Es ist ein kleiner Schritt in Richtung Hoffnung, der heute gemacht wurde. Innerhalb von zwei Verhandlungsrunden ging es am Dortmunder Amtsgericht darum, ob Intown einer Mieterin den Zugang zu ihrer Wohnung gewähren muss oder nicht. Die Frau hatte zuvor geklagt, auch nach der Stilllegung des Hochhaus-Komplexes noch in ihre Wohnung zu dürfen. Nun bekam sie Recht – allerdings mit Bedingungen.

Klägerin darf dreimal in der Woche nach Hause


Das Amtsgericht hat heute entschieden, dass die Frau ab dem 8. Februar an drei Tagen in der Woche in das evakuierte und derzeit leerstehende Hochhaus darf. Genauer gesagt: Montags und mittwochs von 18-20 Uhr und samstags von 16-18 Uhr. Allerdings auch dann nur für jeweils 30 Minuten und sie braucht einen guten Grund für den Besuch.

Denn Zugang wird ihr nur gewährt, wenn sie ein dringendes Anliegen hat. Also beispielsweise bei dringendem Benötigen von Dokumenten oder der Post. Möbel rausholen ist aber wohl ebenso erlaubt.

Die vielen Demonstrationen haben keine Wirkung erzielt. Jetzt musste eine Klage her. Foto: Daniele Giustolisi/Dortmund24

Zusätzlich zur Wohnung mietet die Klägerin im Hannibal noch eine Tiefgarage, zu der sie sich über die Klage heute ebenso Zugang verschafft hat. Allerdings zu den gleichen Zeiten, zu denen sie auch in die Wohnung darf. In der Garage steht ihr Auto, das sicher täglich im Einsatz ist.

Wohnung und Tiefgarage dürfen von der Mieterin nicht alleine, sondern nur unter Aufsicht von Sicherheitspersonal betreten werden. Das wurde heute ebenso entschieden, wie die Tatsache, dass Intown die Stromversorgung in der Wohnung der Klägerin nicht unterbrechen darf. Sollte dies jedoch trotzdem geschehen, droht Intown ein Ordnungsgeld in Höhe von 250.000 Euro.

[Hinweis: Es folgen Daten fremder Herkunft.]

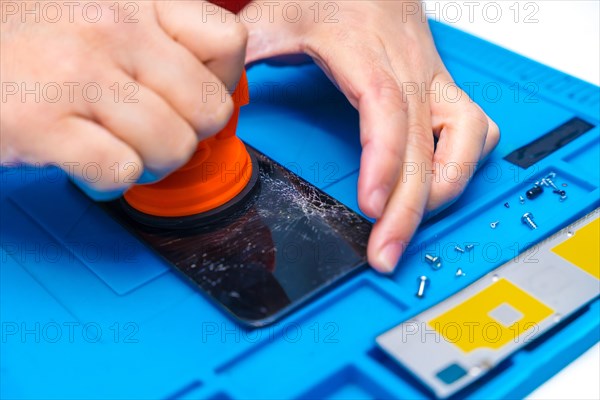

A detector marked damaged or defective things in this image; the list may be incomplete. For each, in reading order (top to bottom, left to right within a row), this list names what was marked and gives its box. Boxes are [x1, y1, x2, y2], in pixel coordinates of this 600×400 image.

shattered glass screen [105, 148, 372, 326]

Die anderen Mieter müssen erstmal draußen bleiben

Bei dem Urteil, das heute gesprochen wurde, tritt die sogenannte Bindungswirkung in Kraft. Die besagt, dass das Urteil nur zwischen Intown und der Klägerin rechtmäßig ist und keine Allgemeingültigkeit hat. Die anderen Mieter des Hannibals dürfen demnach nicht in ihre Wohnungen.

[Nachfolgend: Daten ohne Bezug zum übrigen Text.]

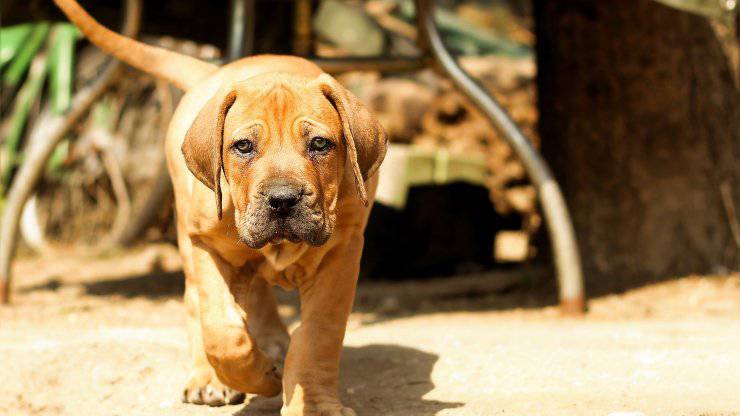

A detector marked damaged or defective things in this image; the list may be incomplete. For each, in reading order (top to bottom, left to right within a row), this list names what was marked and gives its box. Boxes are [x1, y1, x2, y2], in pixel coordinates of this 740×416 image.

rusty metal pole [416, 0, 584, 314]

Sie alle wollen zurück in ihre Wohnungen. Ob und wann das geschieht ist noch unklar. Foto: Daniele Giustolisi/Dortmund24

Ob sie es künftig dürfen, hängt von der Entscheidungsfreudigkeit Intowns ab. Entweder erkennt die Hausverwaltung das Urteil an und lässt die gerichtliche Entscheidung für alle Mieter walten oder sie entscheidet sich dagegen und nimmt weitere Klagen in Kauf.

Intown würden hunderte Klagen ins Haus flattern

Wenn Intown das Urteil nicht allgemein anerkennt und den Mietern weiterhin den Zugang zu ihren Wohnungen verbietet, bleibt nur noch ein Weg: Dann muss jeder einzelne der Mieter klagen. Für die Wohnungsverwaltung wäre dies mit hohen Kosten und viel Aufwand verbunden. Die Prozesskosten für die heutigen Verhandlungen betrugen 3000 Euro. Hochgerechnet auf die vielen Mieter im Hannibal, stünde Intown am Ende vor Kosten in Millionenhöhe. Da stellt sich die Frage, ob es letztendlich nicht günstiger gewesen wäre, die Brandschutzmängel rechtzeitig beheben zu lassen.